▶ [PROVIDED INFORMATION]:
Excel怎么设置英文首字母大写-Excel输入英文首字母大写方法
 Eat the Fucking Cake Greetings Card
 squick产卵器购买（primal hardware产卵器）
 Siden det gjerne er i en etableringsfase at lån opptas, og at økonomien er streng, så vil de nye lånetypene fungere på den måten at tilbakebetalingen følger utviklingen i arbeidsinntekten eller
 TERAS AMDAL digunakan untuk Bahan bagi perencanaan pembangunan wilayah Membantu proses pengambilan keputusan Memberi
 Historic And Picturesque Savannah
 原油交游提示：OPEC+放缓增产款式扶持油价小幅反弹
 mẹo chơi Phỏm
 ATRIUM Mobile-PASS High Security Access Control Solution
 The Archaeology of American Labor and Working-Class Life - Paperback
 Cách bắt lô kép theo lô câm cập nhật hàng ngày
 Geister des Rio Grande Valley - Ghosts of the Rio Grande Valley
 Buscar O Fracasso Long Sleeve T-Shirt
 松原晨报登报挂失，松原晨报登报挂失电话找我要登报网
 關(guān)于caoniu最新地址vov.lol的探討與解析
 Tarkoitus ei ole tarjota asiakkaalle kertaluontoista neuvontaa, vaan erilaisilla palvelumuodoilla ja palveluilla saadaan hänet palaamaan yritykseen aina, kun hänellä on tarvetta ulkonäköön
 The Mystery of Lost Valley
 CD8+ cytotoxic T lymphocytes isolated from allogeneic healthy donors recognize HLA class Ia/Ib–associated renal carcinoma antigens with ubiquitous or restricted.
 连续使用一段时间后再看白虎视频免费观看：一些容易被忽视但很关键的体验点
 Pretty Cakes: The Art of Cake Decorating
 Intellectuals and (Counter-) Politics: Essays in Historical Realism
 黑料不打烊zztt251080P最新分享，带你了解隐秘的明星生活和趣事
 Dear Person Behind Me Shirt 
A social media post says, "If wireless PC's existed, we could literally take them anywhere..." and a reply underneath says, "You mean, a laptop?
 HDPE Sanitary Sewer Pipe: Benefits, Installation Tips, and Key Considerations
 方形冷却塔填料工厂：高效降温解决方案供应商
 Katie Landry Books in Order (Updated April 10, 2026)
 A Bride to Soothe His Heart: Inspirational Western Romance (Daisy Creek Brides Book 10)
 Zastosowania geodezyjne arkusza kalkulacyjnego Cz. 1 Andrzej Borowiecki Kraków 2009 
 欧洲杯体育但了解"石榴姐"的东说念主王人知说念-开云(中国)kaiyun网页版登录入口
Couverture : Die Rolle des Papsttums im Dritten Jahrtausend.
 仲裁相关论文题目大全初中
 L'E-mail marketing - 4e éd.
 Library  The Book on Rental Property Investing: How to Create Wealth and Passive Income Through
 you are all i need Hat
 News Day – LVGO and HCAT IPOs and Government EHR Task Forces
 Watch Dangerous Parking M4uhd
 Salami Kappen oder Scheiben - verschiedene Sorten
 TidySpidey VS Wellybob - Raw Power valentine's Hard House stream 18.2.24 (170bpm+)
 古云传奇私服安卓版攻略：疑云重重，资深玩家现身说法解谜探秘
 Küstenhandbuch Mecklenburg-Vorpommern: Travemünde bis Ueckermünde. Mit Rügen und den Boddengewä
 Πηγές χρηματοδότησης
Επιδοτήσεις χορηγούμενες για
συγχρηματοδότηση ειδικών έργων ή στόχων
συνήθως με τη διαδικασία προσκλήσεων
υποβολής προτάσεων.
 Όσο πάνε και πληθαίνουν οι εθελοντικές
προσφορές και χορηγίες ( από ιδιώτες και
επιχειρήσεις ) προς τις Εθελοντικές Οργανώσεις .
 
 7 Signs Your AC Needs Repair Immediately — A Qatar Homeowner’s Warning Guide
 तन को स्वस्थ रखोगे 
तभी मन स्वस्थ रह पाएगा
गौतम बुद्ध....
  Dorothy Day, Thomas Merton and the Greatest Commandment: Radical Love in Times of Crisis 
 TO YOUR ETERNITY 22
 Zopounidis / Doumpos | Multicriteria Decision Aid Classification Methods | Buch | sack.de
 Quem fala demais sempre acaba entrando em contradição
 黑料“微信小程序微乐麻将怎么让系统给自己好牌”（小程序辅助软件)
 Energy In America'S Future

▶ [AIM OF THE EXERCISE]: Looking at the entries above, state the number of lines that contain "Shirt" and add nothing more.

▶ [OUTPUT FOR THIS TASK]: 2